↓↓↓
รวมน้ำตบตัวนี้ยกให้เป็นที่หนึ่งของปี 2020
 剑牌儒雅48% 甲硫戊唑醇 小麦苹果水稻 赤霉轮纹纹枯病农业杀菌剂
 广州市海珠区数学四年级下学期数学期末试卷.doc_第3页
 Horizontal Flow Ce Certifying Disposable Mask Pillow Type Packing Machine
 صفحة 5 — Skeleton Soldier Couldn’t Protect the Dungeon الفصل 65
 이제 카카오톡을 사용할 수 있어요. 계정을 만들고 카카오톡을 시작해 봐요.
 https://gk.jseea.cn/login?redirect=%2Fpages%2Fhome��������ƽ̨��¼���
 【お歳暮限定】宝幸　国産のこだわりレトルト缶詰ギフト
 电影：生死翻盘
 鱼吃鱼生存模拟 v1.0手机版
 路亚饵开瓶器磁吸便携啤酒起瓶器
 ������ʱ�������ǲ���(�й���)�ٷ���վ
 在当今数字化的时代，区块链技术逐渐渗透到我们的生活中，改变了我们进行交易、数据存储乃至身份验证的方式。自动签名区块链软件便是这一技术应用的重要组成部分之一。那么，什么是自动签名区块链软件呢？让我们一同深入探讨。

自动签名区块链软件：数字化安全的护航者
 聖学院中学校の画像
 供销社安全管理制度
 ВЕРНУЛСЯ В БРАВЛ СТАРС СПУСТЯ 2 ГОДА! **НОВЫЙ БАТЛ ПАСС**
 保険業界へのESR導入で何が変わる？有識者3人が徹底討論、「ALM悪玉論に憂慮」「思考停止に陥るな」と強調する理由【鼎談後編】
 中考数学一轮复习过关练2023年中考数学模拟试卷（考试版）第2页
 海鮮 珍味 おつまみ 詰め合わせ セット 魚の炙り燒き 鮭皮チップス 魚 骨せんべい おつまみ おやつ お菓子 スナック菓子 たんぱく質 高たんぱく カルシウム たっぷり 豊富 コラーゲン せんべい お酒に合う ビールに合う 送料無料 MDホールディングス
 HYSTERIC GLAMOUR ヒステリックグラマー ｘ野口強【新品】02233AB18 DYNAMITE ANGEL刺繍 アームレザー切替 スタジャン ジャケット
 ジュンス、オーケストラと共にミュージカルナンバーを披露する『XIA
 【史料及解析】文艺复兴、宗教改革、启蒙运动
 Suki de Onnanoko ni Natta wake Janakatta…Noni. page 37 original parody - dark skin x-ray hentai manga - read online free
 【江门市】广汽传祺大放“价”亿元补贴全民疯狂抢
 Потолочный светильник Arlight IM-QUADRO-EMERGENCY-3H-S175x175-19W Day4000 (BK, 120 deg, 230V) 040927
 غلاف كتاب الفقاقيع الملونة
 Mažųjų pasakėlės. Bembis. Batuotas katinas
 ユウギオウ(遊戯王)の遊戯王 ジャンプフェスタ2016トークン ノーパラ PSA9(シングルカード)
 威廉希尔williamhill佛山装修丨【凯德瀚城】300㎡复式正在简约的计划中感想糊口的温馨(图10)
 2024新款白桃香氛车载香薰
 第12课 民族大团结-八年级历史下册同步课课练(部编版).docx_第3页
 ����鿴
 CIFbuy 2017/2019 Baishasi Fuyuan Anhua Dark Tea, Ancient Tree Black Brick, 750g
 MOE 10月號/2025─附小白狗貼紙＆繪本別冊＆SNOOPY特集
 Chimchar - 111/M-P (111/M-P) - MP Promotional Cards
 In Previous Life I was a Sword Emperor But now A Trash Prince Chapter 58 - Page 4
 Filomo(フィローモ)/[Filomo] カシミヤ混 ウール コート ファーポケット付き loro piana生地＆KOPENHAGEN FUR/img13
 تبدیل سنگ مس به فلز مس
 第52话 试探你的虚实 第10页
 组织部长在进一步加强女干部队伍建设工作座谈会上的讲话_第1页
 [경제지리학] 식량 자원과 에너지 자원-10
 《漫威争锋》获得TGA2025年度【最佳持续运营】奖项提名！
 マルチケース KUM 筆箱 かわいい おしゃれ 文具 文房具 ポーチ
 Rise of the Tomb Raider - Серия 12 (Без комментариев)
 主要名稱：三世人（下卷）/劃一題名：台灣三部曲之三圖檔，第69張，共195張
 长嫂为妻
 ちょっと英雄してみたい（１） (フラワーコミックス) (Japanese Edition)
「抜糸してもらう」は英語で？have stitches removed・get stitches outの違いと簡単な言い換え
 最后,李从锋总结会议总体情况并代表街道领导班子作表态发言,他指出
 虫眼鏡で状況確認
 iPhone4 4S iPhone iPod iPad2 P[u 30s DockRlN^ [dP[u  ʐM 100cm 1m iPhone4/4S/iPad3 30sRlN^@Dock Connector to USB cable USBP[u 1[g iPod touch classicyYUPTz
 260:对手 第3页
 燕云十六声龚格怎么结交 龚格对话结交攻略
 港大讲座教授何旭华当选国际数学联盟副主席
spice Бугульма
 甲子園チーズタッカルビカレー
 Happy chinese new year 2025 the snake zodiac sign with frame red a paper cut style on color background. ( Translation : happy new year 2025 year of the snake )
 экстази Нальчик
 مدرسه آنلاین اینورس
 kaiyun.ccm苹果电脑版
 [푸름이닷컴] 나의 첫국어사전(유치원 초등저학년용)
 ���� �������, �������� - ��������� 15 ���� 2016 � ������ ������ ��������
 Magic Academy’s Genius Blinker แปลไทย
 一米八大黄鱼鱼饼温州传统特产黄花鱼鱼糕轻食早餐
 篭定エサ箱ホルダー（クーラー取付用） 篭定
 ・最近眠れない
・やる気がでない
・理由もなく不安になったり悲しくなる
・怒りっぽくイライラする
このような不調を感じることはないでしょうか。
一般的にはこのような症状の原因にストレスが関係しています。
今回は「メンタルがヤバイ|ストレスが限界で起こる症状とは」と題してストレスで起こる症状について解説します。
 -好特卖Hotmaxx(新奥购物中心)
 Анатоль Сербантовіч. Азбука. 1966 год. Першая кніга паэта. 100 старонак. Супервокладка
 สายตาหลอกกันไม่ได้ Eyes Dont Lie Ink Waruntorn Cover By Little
↑↑↑
Problem requirements = Through the line that contains "路亚饵开瓶器磁吸便携啤酒起瓶器", copy the material above exactly, beginning at its first line and including nothing more.

Written solution =
รวมน้ำตบตัวนี้ยกให้เป็นที่หนึ่งของปี 2020
 剑牌儒雅48% 甲硫戊唑醇 小麦苹果水稻 赤霉轮纹纹枯病农业杀菌剂
 广州市海珠区数学四年级下学期数学期末试卷.doc_第3页
 Horizontal Flow Ce Certifying Disposable Mask Pillow Type Packing Machine
 صفحة 5 — Skeleton Soldier Couldn’t Protect the Dungeon الفصل 65
 이제 카카오톡을 사용할 수 있어요. 계정을 만들고 카카오톡을 시작해 봐요.
 https://gk.jseea.cn/login?redirect=%2Fpages%2Fhome��������ƽ̨��¼���
 【お歳暮限定】宝幸　国産のこだわりレトルト缶詰ギフト
 电影：生死翻盘
 鱼吃鱼生存模拟 v1.0手机版
 路亚饵开瓶器磁吸便携啤酒起瓶器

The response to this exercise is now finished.